Hamoud Al-Dalhami

Personal information
- Full name: Hamoud Abdallah Said Al-Dalhami
- Nationality: Oman
- Born: 7 November 1971 (age 54) Muscat, Oman
- Height: 1.72 m (5 ft 7+1⁄2 in)
- Weight: 65 kg (143 lb)

Sport
- Sport: Athletics
- Event: Sprint

Achievements and titles
- Personal bests: 100 m: 10.44 (1999) 200 m: 20.94 (1999)

= Hamoud Al-Dalhami =

Omani sprinter (born 1971)

Hamoud Abdallah Said Al-Dalhami (حمود عبد الله سيد الدلهمي; born November 7, 1971, in Muscat) is a retired Omani sprinter, who specialized in both 100 and 200 metres. He represented Oman in two editions of the Olympic Games (2000 and 2004), and also attained personal bests of 10.44 (100 metres) and 20.94 (200 metres) from the 1999 Pan Arab Championships in Beirut, Lebanon.

Al-Dalhami made his official debut at the 2000 Summer Olympics in Sydney, where he competed as a member of the Omani track and field team in the men's 4 × 100 m relay. Running the second leg in heat four, Al-Dalhami delivered the Omani foursome a seasonal best and a sixth-place time in 39.82, but finished twenty-eighth overall from the prelims.

At the 2002 Asian Games in Busan, South Korea, Al-Dalhami finished eighth in the 200 metres with a time of 21.25, trailing behind Japan's Shingo Suetsugu by almost a full second.
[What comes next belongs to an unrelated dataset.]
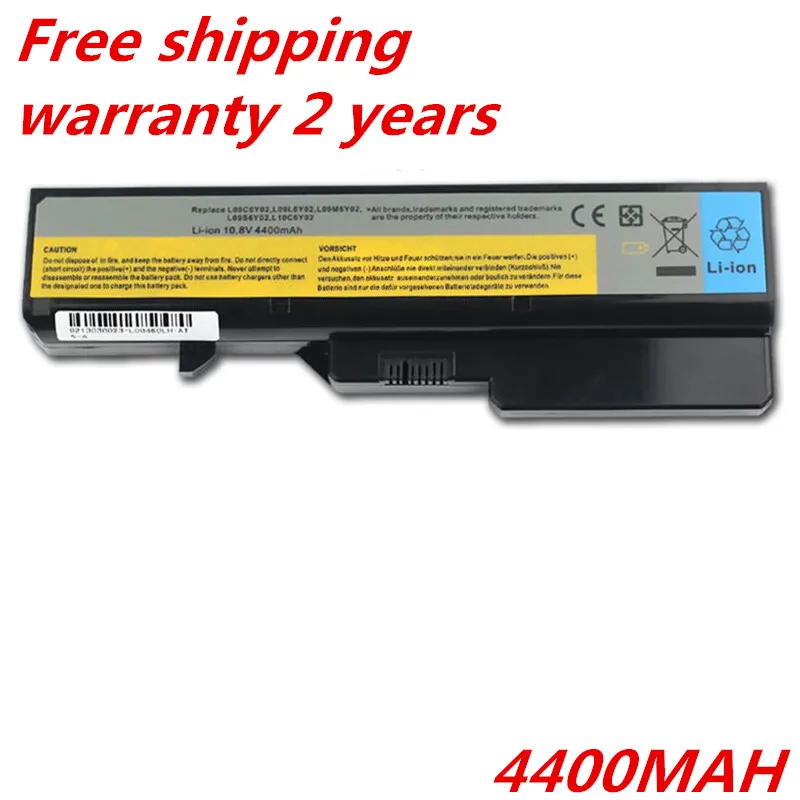 Аккумулятор 4400 мАч для Lenovo G430 G450 L08L6Y02 L08L6YO2 L08N6Y02 L08N6YO2 L08S6Y02 L08S6YO2 LO8L6C02 LO8L6Y02 LO8N6Y02|4400mah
Four years after competing in his last Olympics, Al-Dalhami qualified for his second Omani team in the men's 200 metres at the 2004 Summer Olympics in Athens by receiving a wild card invitation from IAAF without an entry time. Running against seven other athletes in heat four, Al-Dalhami surpassed Japan's Ryo Matsuda to take the seventh spot by a full three-second gap in 21.82. Al-Dalhami failed to advance into the semifinals as he placed farther from two automatic slots for the next round and shared a forty-ninth overall position with Swaziland's Mphelave Dlamini from the prelims. Al-Dalhami was also appointed by the Oman Olympic Committee to carry the nation's flag in the opening ceremony.